Binning disse que achava que “I, Joan” estava “tentando atrair atenção ao aproveitar a onda da ideologia de identidade de gênero que está varrendo não apenas o Reino Unido, mas muitos outros países”.
Sentada no terraço dos escritórios do Globe na semana passada, Josephine, a dramaturga, disse que havia antecipado a maioria das queixas e achava que estavam equivocadas. A peça não estava tentando apagar as mulheres da história, disse Josephine. Destinava-se a abrir novas formas de pensar sobre uma figura histórica. Se alguém quisesse continuar pensando em Joan quando jovem, eles diziam: “então, legal – você ainda pode”.
Josephine, de 33 anos, disse que a história do mártir francês significou pouco para eles que cresceram em uma família da classe trabalhadora em Hemel Hempstead, sul da Inglaterra. O Globe pediu que escrevessem a peça no ano passado; a principal preocupação do dramaturgo, a princípio, não tinha nada a ver com gênero, mas como falar sobre as crenças religiosas de Joan de uma maneira que ressoasse com um público em grande parte não religioso.
Josephine disse que a decisão de tornar Joan não-binária veio depois de estudar a vida de Joan e perceber que Joana d’Arc estava disposta a morrer na fogueira em vez de parar de usar roupas masculinas. Esta “não foi uma declaração de moda casual”, disse Josephine. “Era uma necessidade profunda para eles.” Josephine queria retratar como teria sido para “uma jovem em um corpo feminino, que está questionando o gênero em uma sociedade muito diferente da que vivemos agora”, disseram eles. “Meu eu mais jovem realmente precisava de um protagonista como esse”, acrescentaram.
Michelle Terry, diretora artística do Globe, disse que o teatro tem um histórico de causar agitação ao brincar com gênero no palco. Em 2003, Mark Rylance, então diretor artístico da companhia, irritou alguns clientes com produções femininas de “A Megera Domada” e “Richard III”. Mais recentemente, Terry disse que recebeu reclamações por jogando Hamlet lá em 2018, e novamente este ano, quando a Globo excursionou com uma produção de “Júlio César” em que os principais personagens masculinos eram interpretados por mulheres.
“Todo mundo tem uma ideia de como as peças devem ser feitas e como as figuras históricas devem ser tratadas”, disse ela. Tudo o que “eu, Joan” estava fazendo, disse Terry, era perguntar: “Para quem é Joan agora?”

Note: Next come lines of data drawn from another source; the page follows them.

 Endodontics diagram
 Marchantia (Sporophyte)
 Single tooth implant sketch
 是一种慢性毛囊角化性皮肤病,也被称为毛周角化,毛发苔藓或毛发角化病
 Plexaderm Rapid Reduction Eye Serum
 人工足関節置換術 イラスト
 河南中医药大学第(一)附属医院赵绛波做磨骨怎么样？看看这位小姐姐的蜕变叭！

Apesar de todo o alarido da mídia, o único lugar onde poucas pessoas pareciam preocupadas com o gênero de Joana d’Arc era no auditório do próprio Globe. Em uma apresentação recente de “I, Joan”, o público de quase 1.000 pessoas era composto pela mistura habitual do teatro de amantes do teatro britânico, turistas e grupos escolares. Às 19h30, Isobel Thom, que interpreta Joan, subiu ao palco e deu início ao discurso de abertura do show: “Pessoas trans são sagradas. Nós somos o divino.” O monólogo foi interrompido por aplausos de apoio.

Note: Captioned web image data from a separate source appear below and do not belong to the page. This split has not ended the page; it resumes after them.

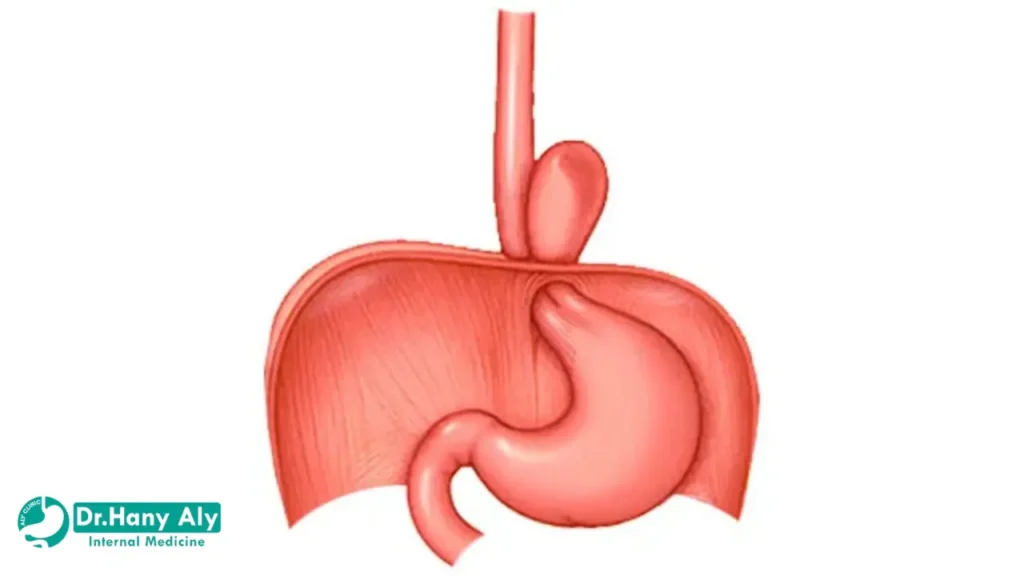 الفرق بين ارتجاع المريء وفتق الحجاب الحاجز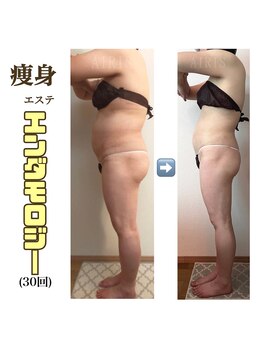 アイリス(AIRIS)/痩身/リンパケア/マッサージ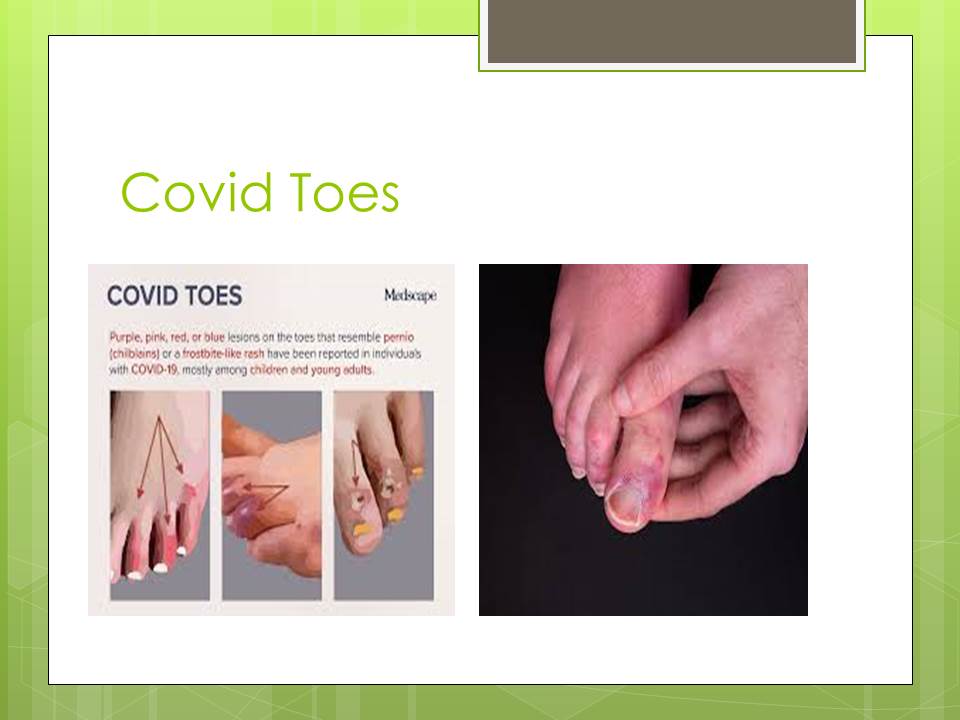 Covid Toes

Robin van Asselt, 23, uma mulher transgênero de Amsterdã na platéia, disse que chorou ao ver a “estranheza casual” no palco. O “empurrão agressivo de Joan para ser visto e respeitado” como não-binário “foi tão catártico”, acrescentou van Asselt.
Em entrevistas com quase 20 membros da audiência, ninguém disse que tinha um problema com uma Joana d’Arc não binária. Wanda Forsythe, 72, administradora universitária aposentada em férias de Toronto, disse que “não se sentiu ofendida como mulher – apenas que poderia ter sido um pouco melhor e mais curto”. (O show dura quase três horas.)

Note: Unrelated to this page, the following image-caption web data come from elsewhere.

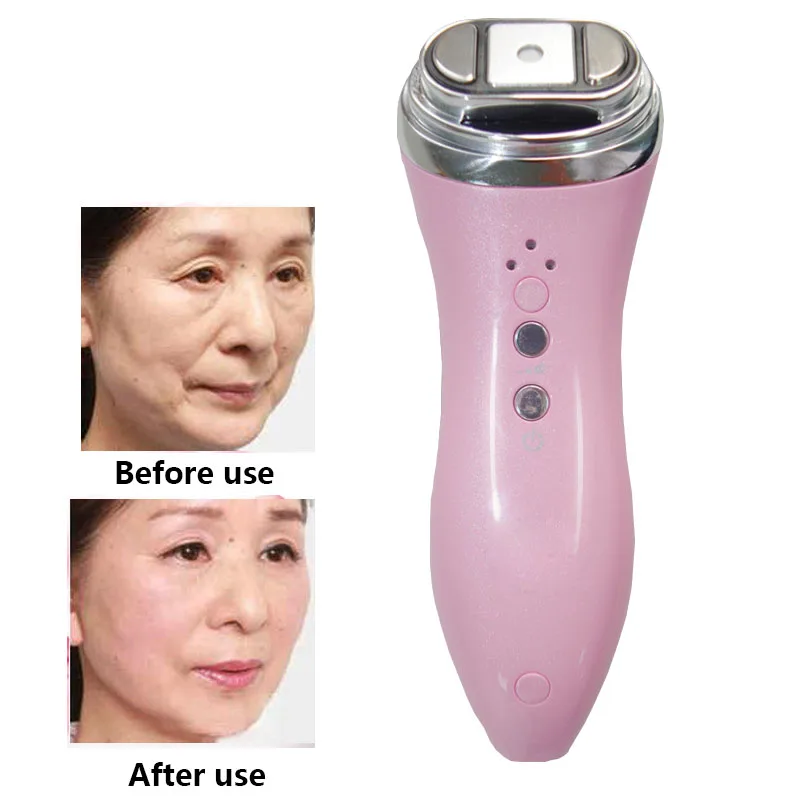 Mini HIFU Ultrasonic RF Antiaging Skin Lifting Facial Care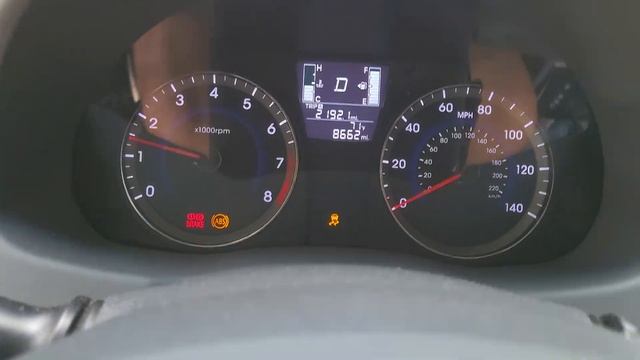 2016 Hyundai Elantra speedometer and instrument cluster failure. смотреть онлайн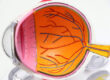 3 Signs You Need an Eye Exam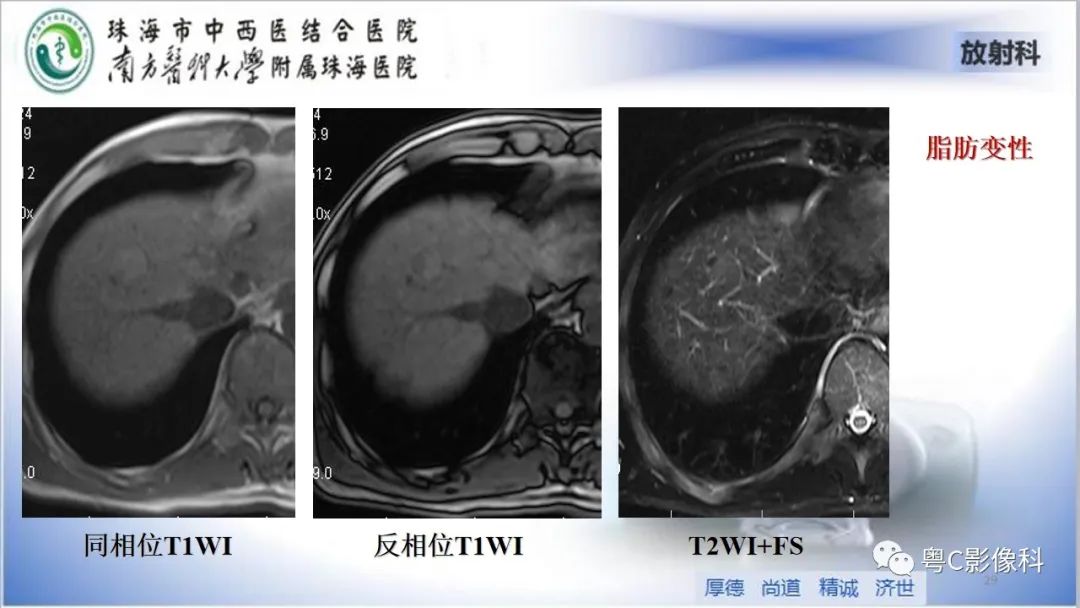 影像PPT - 【PPT】肝脏影像分段及肝硬化结节MRI诊断-29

Jackie Warren, 62, uma funcionária do governo aposentada, disse que ela e seu marido iam a duas peças no Globe todo ano e escolheram “I, Joan” aleatoriamente. Retratar Joan como não-binária foi “muito inteligente”, disse Warren.
“Estou velho, não estou?” ela acrescentou, “então eu não entendo muito disso. Só acho que precisamos abrir nossos corações para todos, e não consigo entender por que não podemos.”